Hope I have done this correctly - here is where my bunnies live when I am at work - one dwarf lop and one mini lop. Everyone else's bunnies are obviously much tidier than mine this is just after i have done the clean and it will only look like this for 5 minutes!


----------



## Zaiya

Oh, no! Buns are not clean! Someone may have a bunny that is neat and tidy, but I have yet to see a bun that is like that!

Oh, and sorry for being off topic, but speaking of animals not liking to keep things clean, check out my duck's pool that I just cleaned the morning before I took this pic! And she's drinking it! Her own poo! Yuck, yuck, yuck...


----------



## Troller

Figured since I worked so very hard to refurbish my buns cage that I should show it off a bit. It's a 7 panel long, 3 panel wide, 4 panel high 2 story condo (or 8ft'2in long, 3ft'6in wide and 4ft'10in high). Granted this is only the first weekend they get to share it with no dividers but it looks like they liked it. Only problem is its so big its a bit difficult to get it all in the picture.


----------



## Flick

Stella (white and gray double maned Lionhead) and Parker's (white and black single maned Lionhead) home is a combination of a two story condo from Leith Petwerks and NIC panels. Parker has a slightly lame back foot, making the ramp difficult for him to use, so I made a staircase for him. I hung a piece of carpet along the outer "wall" of the staircase because both of them seemed hesitant to use the stairs as if their depth perception was having trouble. Giving them a solid wall on the wire panels seemed to help. The flooring is Coroplast covered with a carpet remnant. I have some tiles blocking a couple of places where Parker decided to eat the carpet. The NIC walls are 3 panels high because Stella has been known to climb out of 2 story walls. The front top panels drop down and the center two panels act as a double gate.


----------



## Blue eyes

VACATION CAGE
We stayed in a cabin for 3 weeks and opted to bring our bunnies with us. When we first settled in (after a long ride) I set them up as in first photo. Then I decided it was too small and instead made use of a corner to expand their area. I couldn't let them run loose during that time so they made do in about 30 square feet for that time. It worked well for us.


----------



## catpud

Not a cage as such, but I built a 6 x 4 shed and run with the help of my dad.
Here is the inside. I put anti slip lino on the floor to help with cleaning, they also have a jungle gym type toy arrangement on the mesh barrier (which stops them escaping when I open the door) but that isn't shown in the picture.
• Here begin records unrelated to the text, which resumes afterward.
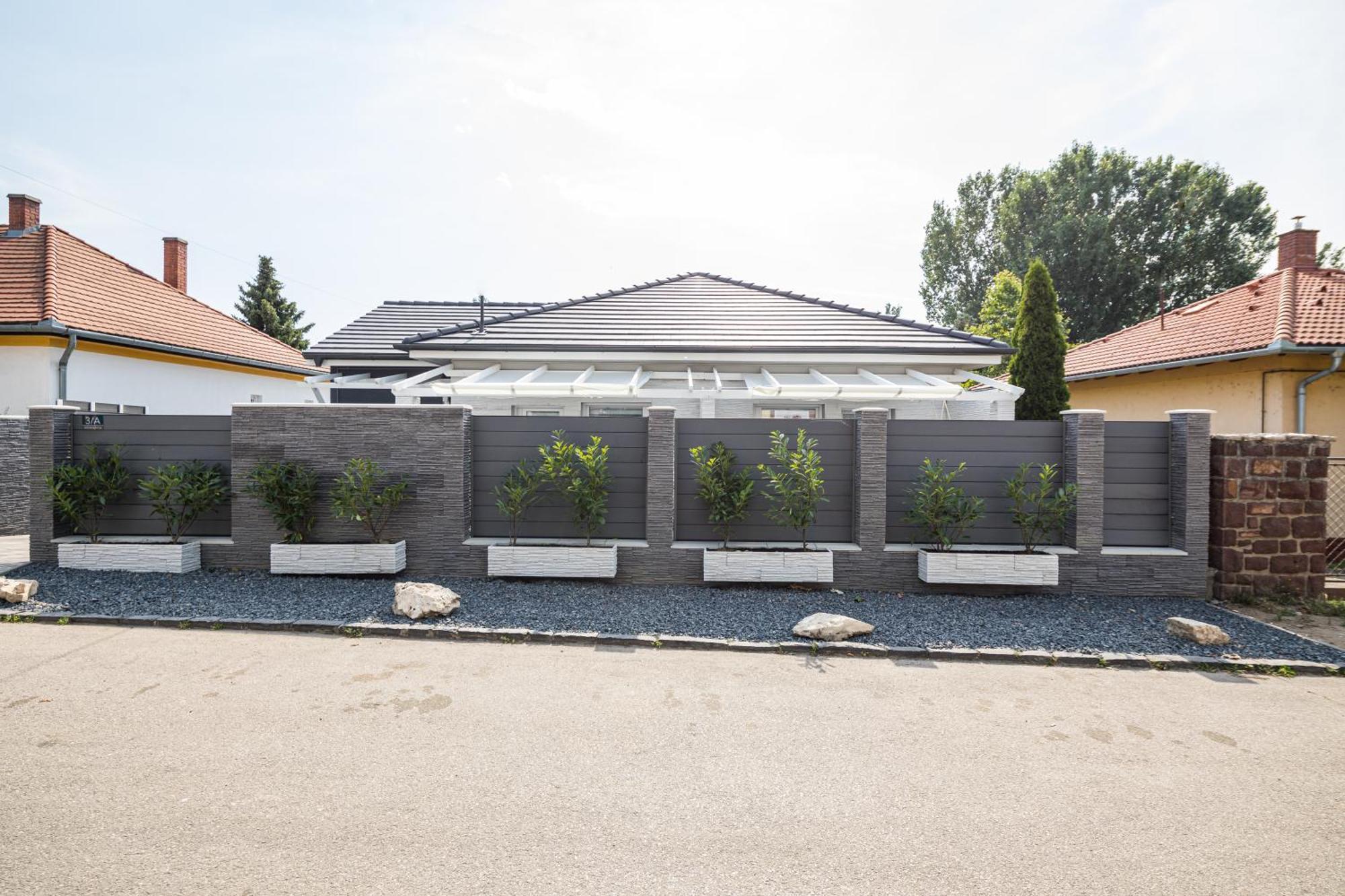 Balatonic Lemon Apartmanhaz Siófok Exteriör bild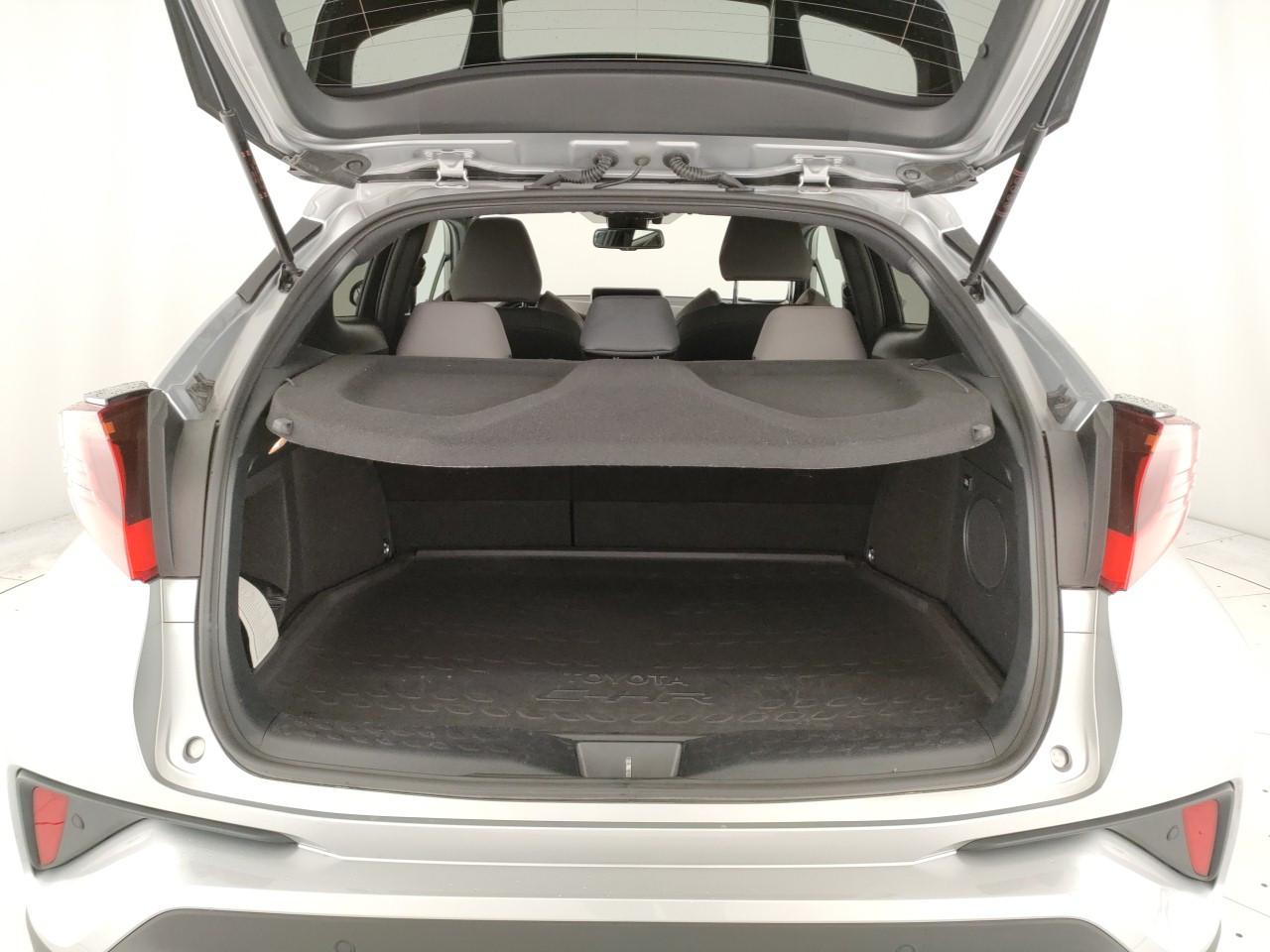 TOYOTA C-HR 1.8h Lounge e-cvt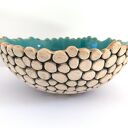 Artystyczna ceramiczna misa z setek ręcznie formowanych kulek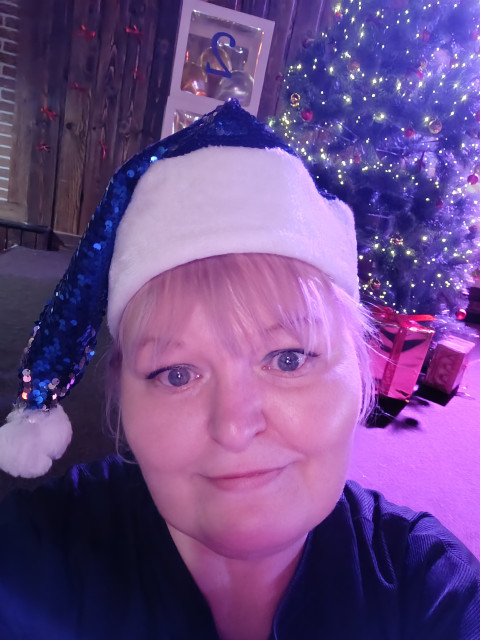 Евгения, Омск, 48 лет, 1 ребенок, 4 фото. Она ищет его: мужчину для серьезных отношений, брака и создания семьи, дружбы и общения.  Анкета 850070. 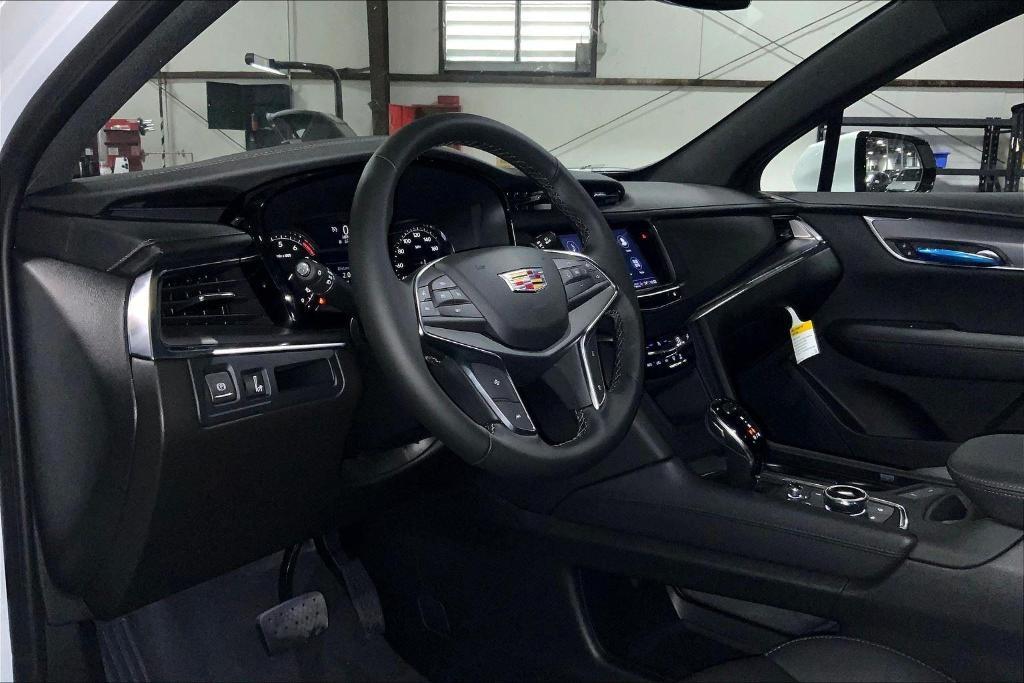 new 2025 Cadillac XT5 car, priced at $44,015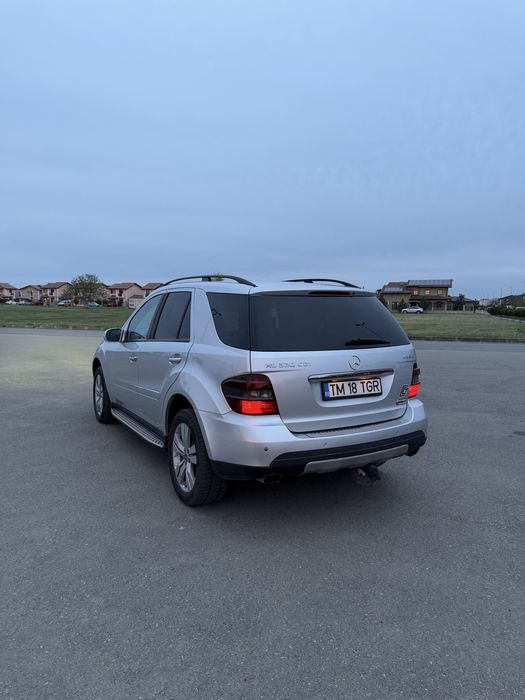 Mercedes ML 320 CDI 4x4 V6 / Fără DPF / Navi mare / Cameră / Automat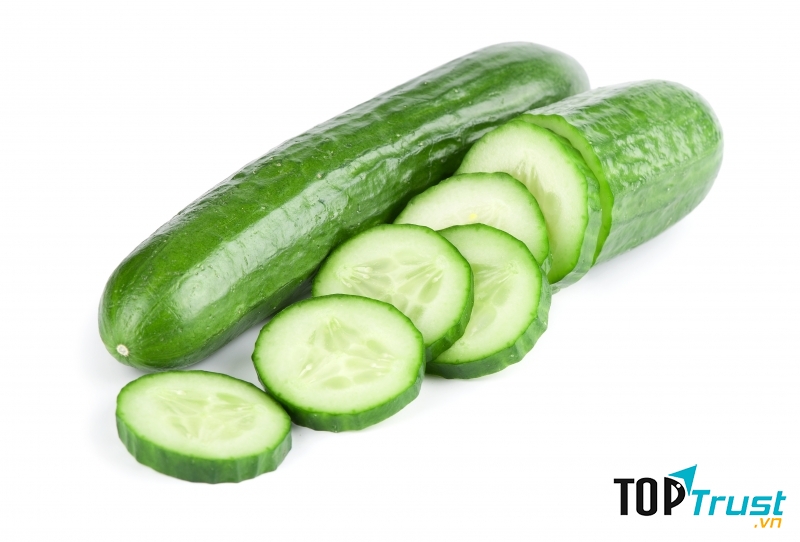 Dưa chuột giúp hạn chế nẻ môi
The picture shows about half of the shed. Two mini lops live here. The hole in the door (which is closed by a wood slider in the picture) leads in to an attached predator proof run which they have 24 hour access to, except when I am cleaning the run floor.


----------



## Kizza

Since my last post, I changed the bunny cage again! Gidget and Rocky are now house mates so they have a cage together, And the last one also flooded so I had to move it. Pretty happy with it so far


----------



## Wilsey

Here is riddick and Oreo's home. They're outside but absolutely fine! In separate hutches at the moment as We're still in the bonding process. They do sit next to each other all the time and there was actually a little lick today!


----------



## annabelle00

Something simple. I'll be working on getting additions like another level and some more chews


----------



## linsssey

Here are the cages for my two bunnies. They are pretty simple NIC cages with a corrugated plastic base. I have a mini-rex and a French lop.


----------



## kukupecpec

This is my hybrid version of the NIC cages. 
I had lots of NIC panels (great dorm room shelving LOL) but I couldn't afford to buy anything to make decent levels, hubby made a great suggestion to try designing something from my metal industrial shelves sitting in the garage! 
I had two different widths, a 3 ft and 4 ft, so I put a 4 ft on the top and the bottom, and alternated 3ft shelves in between to make different floors. The NIC panels were zip tied together and to the shelves. (the zip ties hadn't been cut in this pic, I was making sure Bugsy fit before setting everything up and doing the final tidying)
I used binder clips to hold fleece down on the floors. 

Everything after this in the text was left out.